Opponents of the Northern Gateway pipeline don't have the market cornered on environmental concerns, according to Cariboo-Prince George MP Dick Harris.
"It doesn't matter what part of the political spectrum your from or what part of society you're from, no one has an exclusive," he said. "We're all concerned about the environment, all as much as the others. We don't want to leave a damaged environment to our children and our grandchildren."
Sonja Ostertag, a spokeswoman for Sea to Sands Conservation Alliance, said Harris is off base. She said because her anti-pipeline group is based locally in Prince George, it has the environmental high ground.

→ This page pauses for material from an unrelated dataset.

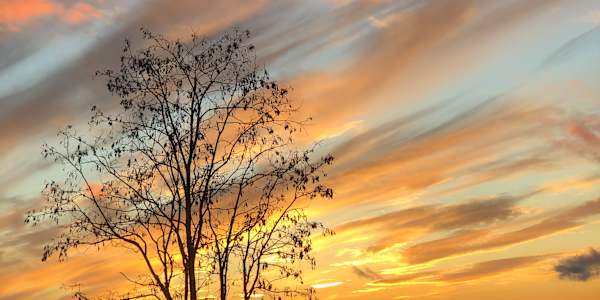 An Upcoming Book, A Book Signing, and an Autumn Greeting Gram’s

"The opponents to this project are the people who live on the proposed pipeline route," she said. "I don't believe that someone who lives in Alberta or Toronto or China or anywhere else in the world be as considered as people whose direct livelihood is dependent on a healthy environment."
There has been vocal opposition to the pipeline from environmental, community and First Nations groups as the project has been going through its environmental assessment by the National Energy Board's Joint Review Panel. Calgary-based Enbridge is hoping to build a pipeline to ship Alberta bitumen to Kitimat for sale in Asian markets.
Harris isn't surprised the pipeline's opponents are able to get their word out better than those in favour for the $6 billion project. He said when it comes to any political issue, the opponents often make more noise than the supporters.
"If I'm, as a Conservative, against something, chances are you'll find me talking very loudly about it, probably louder than if I'm for something," he said. "It's just human nature, I think."
Harris said he believes many people in his riding are waiting to see the environmental assessment report before making up their minds on the contentious issue. Ostertag contends most British Columbians are against the plan.
Both Harris and Ostertag have a point, depending on how you crunch recent public polling data. A survey by Angus Reid released earlier this month said pipeline opponents outnumber supports in B.C. by a fice-to-one margin. However the same poll said more than half of those surveyed had yet to make up their mind and could change their opinion if more evidence is presented.
In addition to the battle for public opinion, B.C and Alberta are also feuding over how the the revenue from the proposed pipeline should be divvied up. Harris said he doesn't believe it's the federal government's job to wade into the inter-provincial dispute -- unless it is invited.
"I'm sure we'd much prefer they'd work things out themselves and I'm sure they can," Harris said. "I don't think the federal government should step in there in any way, unless they're specifically asked by both parties to act as an arbitrator."